Descuentos posteriores y rectificación del IVA según criterio del TEAC
Descuentos tardíos y límites en el IVA
Una reciente resolución del Tribunal Económico-Administrativo Central (TEAC), de 27 de febrero de 2026, ha aclarado las condiciones en las que las empresas pueden recuperar el IVA cuando conceden descuentos a sus clientes con posterioridad a la operación inicial.
El caso analizado
Una empresa, actuando como entidad dominante de un grupo de IVA, solicitó la rectificación de una autoliquidación de 2019 varios años después de su presentación. La solicitud se basaba en descuentos aplicados a operaciones de 2018, formalizados mediante facturas rectificativas emitidas en 2019 pero no declaradas en su momento.
La Administración tributaria rechazó la solicitud, lo que dio lugar a la reclamación ante el TEAC.
Qué dice la ley
La Ley del IVA permite reducir la base imponible cuando se conceden descuentos posteriores (artículo 80). Asimismo, obliga a rectificar las cuotas repercutidas (artículo 89), ofreciendo dos mecanismos: corregir la autoliquidación original o ajustar el impuesto en declaraciones posteriores.
La decisión del TEAC
El Tribunal concluye que no todas las opciones son aplicables en cualquier caso. Cuando los descuentos se documentan mediante facturas rectificativas posteriores, la vía adecuada es la regularización en declaraciones posteriores.

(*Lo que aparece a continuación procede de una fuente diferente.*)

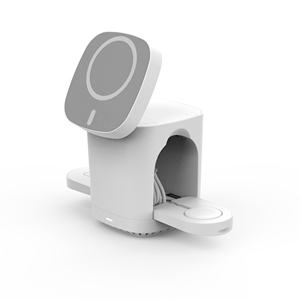 Estación de carga inalámbrica magnética plegable 3 en 1 para iPhone 12/<span class=keywords><strong>2023</strong></span>, Apple Watch y <span class=keywords><strong>AirPods</strong></span>, novedad de 13/14 - Product Image 2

Sin embargo, esta posibilidad está sujeta a un plazo de un año desde la emisión de dichas facturas.
Consecuencias prácticas
El TEAC considera que la empresa actuó fuera de plazo, ya que intentó corregir su situación varios años después. Por ello, confirma la decisión de la Administración y rechaza la devolución solicitada.
La resolución se apoya en doctrina del Tribunal Supremo, que distingue entre el plazo general para rectificar el IVA (cuatro años) y el plazo específico para regularizar tras emitir facturas rectificativas (un año).
Impacto para las empresas
Este criterio refuerza la necesidad de actuar con rapidez en la gestión del IVA. Las empresas deben revisar sus operaciones y asegurarse de incluir correctamente las facturas rectificativas en sus declaraciones, ya que la falta de diligencia puede impedir la recuperación del impuesto.
En definitiva, el TEAC limita las posibilidades de corrección tardía y prioriza la seguridad jurídica en la aplicación del sistema tributario.